The improvement in various European economic indicators is positive – whatever your investment style or even asset class. The size of the eurozone economy and the vulnerability of the global economy to further shocks should make us all grateful for Mr Draghi’s intervention last year.
Investor sentiment has undergone a startling transformation over the past 15 months, from the depths of despair before Draghi’s intervention to the current hopes for an economic recovery. Earlier this summer, I urged investors not to turn their backs on European equities. I am now calling on them not to ignore higher quality companies. In an uncertain world, challenges remain but we continue to argue that high-quality companies represent excellent value to long-term investors. While this remains our core conviction, we acknowledge that it is time to develop more balanced portfolios and to cast our nets wider in the search for exciting ideas.

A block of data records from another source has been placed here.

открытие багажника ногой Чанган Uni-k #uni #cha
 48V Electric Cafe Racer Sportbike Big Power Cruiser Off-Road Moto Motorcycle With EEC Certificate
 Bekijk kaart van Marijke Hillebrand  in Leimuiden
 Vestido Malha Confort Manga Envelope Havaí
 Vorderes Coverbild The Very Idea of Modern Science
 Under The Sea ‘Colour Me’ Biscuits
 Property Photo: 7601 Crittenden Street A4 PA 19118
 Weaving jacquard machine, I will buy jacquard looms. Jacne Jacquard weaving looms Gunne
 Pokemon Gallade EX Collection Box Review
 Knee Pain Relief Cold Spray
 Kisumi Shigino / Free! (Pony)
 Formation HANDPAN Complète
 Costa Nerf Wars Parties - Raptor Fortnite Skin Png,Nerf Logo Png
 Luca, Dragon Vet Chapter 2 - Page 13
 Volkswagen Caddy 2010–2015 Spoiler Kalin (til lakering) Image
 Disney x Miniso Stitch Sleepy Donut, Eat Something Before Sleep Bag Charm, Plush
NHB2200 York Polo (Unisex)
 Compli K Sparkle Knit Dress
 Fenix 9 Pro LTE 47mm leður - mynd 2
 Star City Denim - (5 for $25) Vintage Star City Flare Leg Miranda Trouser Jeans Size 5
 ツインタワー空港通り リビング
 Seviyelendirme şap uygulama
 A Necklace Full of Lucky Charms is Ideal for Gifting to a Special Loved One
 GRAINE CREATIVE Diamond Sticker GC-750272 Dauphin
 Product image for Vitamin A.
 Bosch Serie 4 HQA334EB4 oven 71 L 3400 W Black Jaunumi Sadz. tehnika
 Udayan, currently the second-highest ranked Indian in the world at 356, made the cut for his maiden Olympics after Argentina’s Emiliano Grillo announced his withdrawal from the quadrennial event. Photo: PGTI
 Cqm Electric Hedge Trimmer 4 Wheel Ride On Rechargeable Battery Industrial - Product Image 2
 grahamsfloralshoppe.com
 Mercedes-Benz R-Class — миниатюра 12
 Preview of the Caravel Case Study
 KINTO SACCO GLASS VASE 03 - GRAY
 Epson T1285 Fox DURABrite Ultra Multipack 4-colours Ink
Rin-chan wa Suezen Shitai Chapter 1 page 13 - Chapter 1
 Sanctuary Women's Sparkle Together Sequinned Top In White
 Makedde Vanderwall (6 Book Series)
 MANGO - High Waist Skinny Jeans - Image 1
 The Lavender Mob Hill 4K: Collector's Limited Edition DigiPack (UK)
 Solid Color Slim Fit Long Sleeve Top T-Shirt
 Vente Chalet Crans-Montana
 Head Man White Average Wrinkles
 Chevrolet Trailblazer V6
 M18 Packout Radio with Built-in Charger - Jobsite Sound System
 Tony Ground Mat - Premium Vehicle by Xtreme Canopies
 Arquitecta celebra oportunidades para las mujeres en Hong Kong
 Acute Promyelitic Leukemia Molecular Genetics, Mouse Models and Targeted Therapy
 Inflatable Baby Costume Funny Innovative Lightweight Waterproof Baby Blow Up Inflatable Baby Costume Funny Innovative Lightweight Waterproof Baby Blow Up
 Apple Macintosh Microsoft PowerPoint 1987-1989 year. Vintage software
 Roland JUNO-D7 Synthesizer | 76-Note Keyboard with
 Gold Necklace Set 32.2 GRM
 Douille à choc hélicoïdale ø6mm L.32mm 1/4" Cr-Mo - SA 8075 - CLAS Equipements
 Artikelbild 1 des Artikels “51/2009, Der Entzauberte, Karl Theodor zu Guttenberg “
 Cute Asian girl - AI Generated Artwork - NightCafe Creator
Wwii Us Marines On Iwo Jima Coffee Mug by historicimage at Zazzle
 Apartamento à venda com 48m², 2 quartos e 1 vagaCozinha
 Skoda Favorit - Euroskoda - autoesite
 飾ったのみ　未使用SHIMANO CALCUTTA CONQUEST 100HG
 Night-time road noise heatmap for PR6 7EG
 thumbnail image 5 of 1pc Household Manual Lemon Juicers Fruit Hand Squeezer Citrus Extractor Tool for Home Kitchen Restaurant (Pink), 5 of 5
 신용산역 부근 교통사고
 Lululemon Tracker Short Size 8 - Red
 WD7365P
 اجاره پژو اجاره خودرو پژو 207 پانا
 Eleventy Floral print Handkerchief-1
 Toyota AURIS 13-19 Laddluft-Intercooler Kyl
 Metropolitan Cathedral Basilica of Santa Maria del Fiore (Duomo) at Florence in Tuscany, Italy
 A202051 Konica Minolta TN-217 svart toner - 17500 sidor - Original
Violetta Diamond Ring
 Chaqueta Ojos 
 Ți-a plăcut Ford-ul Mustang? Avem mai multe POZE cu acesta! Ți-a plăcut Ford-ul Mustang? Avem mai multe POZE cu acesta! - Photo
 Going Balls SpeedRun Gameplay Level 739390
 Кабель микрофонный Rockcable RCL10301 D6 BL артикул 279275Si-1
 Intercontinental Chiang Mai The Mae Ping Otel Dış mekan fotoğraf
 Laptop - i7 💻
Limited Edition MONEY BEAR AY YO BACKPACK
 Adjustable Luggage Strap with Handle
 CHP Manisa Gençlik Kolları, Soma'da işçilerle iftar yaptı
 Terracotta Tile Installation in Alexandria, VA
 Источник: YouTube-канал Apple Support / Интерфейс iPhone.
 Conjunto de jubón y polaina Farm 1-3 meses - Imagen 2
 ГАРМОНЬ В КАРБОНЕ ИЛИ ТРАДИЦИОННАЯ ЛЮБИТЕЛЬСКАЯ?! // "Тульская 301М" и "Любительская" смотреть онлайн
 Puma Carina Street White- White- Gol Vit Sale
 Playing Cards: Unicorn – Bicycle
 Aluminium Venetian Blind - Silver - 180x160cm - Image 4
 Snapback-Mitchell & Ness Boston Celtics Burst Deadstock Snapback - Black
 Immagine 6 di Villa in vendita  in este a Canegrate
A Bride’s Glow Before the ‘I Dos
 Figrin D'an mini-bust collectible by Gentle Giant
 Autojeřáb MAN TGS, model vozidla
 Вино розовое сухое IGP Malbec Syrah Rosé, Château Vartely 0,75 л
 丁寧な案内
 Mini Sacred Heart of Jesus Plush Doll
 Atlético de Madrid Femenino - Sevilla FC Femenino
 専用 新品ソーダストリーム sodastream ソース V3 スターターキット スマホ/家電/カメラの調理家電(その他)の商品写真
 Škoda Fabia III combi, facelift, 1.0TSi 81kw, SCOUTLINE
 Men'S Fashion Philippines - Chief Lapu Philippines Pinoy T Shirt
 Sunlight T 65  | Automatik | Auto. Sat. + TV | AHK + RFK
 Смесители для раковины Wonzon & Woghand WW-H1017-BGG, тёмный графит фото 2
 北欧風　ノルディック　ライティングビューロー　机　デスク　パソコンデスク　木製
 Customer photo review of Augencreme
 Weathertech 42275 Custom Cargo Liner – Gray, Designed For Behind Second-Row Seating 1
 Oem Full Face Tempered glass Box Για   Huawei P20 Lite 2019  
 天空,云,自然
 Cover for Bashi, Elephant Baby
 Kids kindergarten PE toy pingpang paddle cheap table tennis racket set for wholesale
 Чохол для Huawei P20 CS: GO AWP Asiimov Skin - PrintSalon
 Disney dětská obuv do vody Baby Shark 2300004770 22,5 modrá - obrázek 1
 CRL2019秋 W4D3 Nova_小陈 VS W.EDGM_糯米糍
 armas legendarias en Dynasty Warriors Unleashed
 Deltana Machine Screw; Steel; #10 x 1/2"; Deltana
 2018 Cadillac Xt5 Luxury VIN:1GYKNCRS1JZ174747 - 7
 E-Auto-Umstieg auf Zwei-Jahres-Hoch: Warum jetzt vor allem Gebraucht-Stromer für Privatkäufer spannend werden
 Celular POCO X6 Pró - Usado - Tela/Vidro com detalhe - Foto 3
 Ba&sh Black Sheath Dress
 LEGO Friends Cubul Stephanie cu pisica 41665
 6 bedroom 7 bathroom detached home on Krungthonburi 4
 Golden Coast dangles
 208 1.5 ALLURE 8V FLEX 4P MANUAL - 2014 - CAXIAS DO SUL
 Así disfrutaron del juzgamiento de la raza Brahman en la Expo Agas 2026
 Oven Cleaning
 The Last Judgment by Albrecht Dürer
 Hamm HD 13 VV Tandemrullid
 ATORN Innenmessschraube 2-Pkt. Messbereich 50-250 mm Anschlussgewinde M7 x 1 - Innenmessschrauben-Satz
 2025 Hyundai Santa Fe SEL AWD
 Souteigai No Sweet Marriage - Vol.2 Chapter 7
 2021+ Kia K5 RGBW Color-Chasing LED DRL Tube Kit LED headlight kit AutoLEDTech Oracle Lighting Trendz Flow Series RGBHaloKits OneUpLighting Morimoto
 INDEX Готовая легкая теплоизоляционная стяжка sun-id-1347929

The combination of an improving European economic outlook, relative valuations that were beginning to look stretched and emerging market concerns have created the perfect storm in which many high-quality global companies have underperformed their more domestically-oriented peers. The real question is what happens next – will the earnings recovery prove sufficient to justify the re-ratings we have seen? We meet many companies who talk of the stabilisation of the European economy rather than a recovery. Certainly, some domestic European share prices are discounting too much of a revival. Picking those businesses that will genuinely benefit from a rebound is a strategy that will reap rewards given that we have been through a phase when there was less differentiation in ratings.
Following the recent third quarter profit warning from Unilever, one analyst told me that this type of company is vulnerable because earnings were well above 2007 levels, while earnings in many other sectors were still below that benchmark. He saw this as a negative factor, but it is the exact reason why we own the stock. The ability to grow earnings year-in, year-out, drives strong, long-term performance. Companies whose earnings are not vulnerable to years of stagnation are exactly the type of businesses we favour.